Vejo, tanto no meu trabalho quanto no meu círculo pessoal, uma dificuldade grande de as pessoas encontrarem seu caminho na vida profissional. A dificuldade é ainda maior para as novas gerações que, diante de infinitas opções, sentem-se perdidas e angustiadas. Há, além do mais, uma pressa para tomar um caminho certo para o sucesso, seja lá o que isso signifique para cada um.
Como tive uma descoberta e satisfação profissional tardia, falo aqui um pouco da minha profissão, na esperança de trazer alguma calma para quem ainda não achou sua trilha. Isso é possível!
Minha primeira formação, em Marketing, aconteceu junto com o meu casamento e com duas gestações. Isso significa que foi em ritmo lento, com alguns períodos de matrícula trancada para o nascimento das minhas filhas. Por muitos anos, dividi-me entre o marketing e o cuidado com elas. Trabalhei em áreas diferentes até abrir um escritório de Marketing Cultural, área que me interessava mais que os últimos trabalhos. Ainda assim, nunca me senti plena na minha profissão. Quando a cultura começou a perder espaço e também recursos, o escritório começou a ficar devagar. Ao mesmo tempo, minhas filhas decidiram fazer faculdade fora do Brasil. Com as responsabilidades de mãe amenizadas, tomei coragem para tentar me reinventar e partir para uma nova faculdade.

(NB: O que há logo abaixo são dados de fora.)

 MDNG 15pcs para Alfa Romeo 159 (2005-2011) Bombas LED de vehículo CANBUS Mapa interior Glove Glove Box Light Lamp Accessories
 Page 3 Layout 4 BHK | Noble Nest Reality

Desde os 18 anos, faço análise, que sempre foi parte fundamental na minha vida. O interesse pelo inconsciente sempre esteve presente, mas, como já tinha outra carreira, tinha receio de recomeçar do zero. Foi muito importante o apoio de minha mãe e irmã, ambas psicólogas, e do meu próprio analista, que incentivava esse interesse. Meu encontro com a psicologia, como estudante, foi na Puc-Rio. Foram cinco anos convivendo com pessoas da idade das minhas filhas — um desafio inspirador, que me trouxe amizades muito especiais.
A maturidade e os anos de análise ajudaram a me sentir, logo de cara, muito à vontade durante a graduação. Foram vários estágios com crianças, adolescentes e dependência química. Encantei-me profundamente com o trabalho realizado no AA (Alcoólicos Anônimos) e pensei em trabalhar nessa área. No entanto, aos poucos, fui me aproximando de um outro perfil.

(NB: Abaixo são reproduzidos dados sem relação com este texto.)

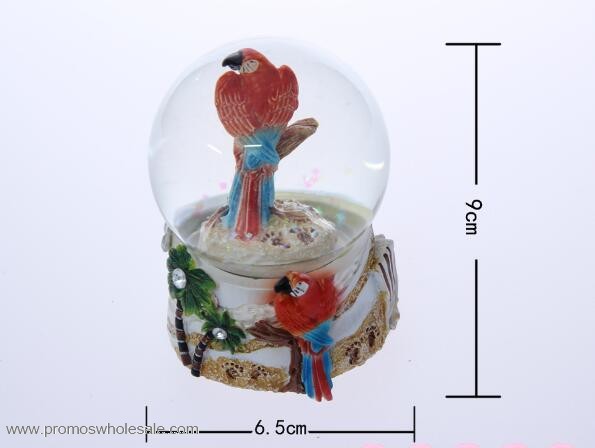 Lovely resin water globe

Formei-me em 2018 e trouxe comigo os pacientes sociais que atendi no último ano de formação da PUC. Entrei no Instituto Cultural Freud, um centro de formação e atendimento psicológico e comecei a atender novos pacientes quando o mundo foi atropelado pela crise do coronavírus.
A pandemia, como todos sabem, trouxe um enorme desafio para nossa saúde mental. Deparamos com o desamparo absoluto que, suspeito, nem o genial Freud, nas piores previsões, poderia imaginar uma situação como esta que vivemos. A demanda por terapia cresceu muito, ok, e os atendimentos virtuais que aconteciam para pacientes morando no exterior, ou em ocasiões específicas, viraram uma realidade, sendo, muitas vezes, uma tábua de salvação.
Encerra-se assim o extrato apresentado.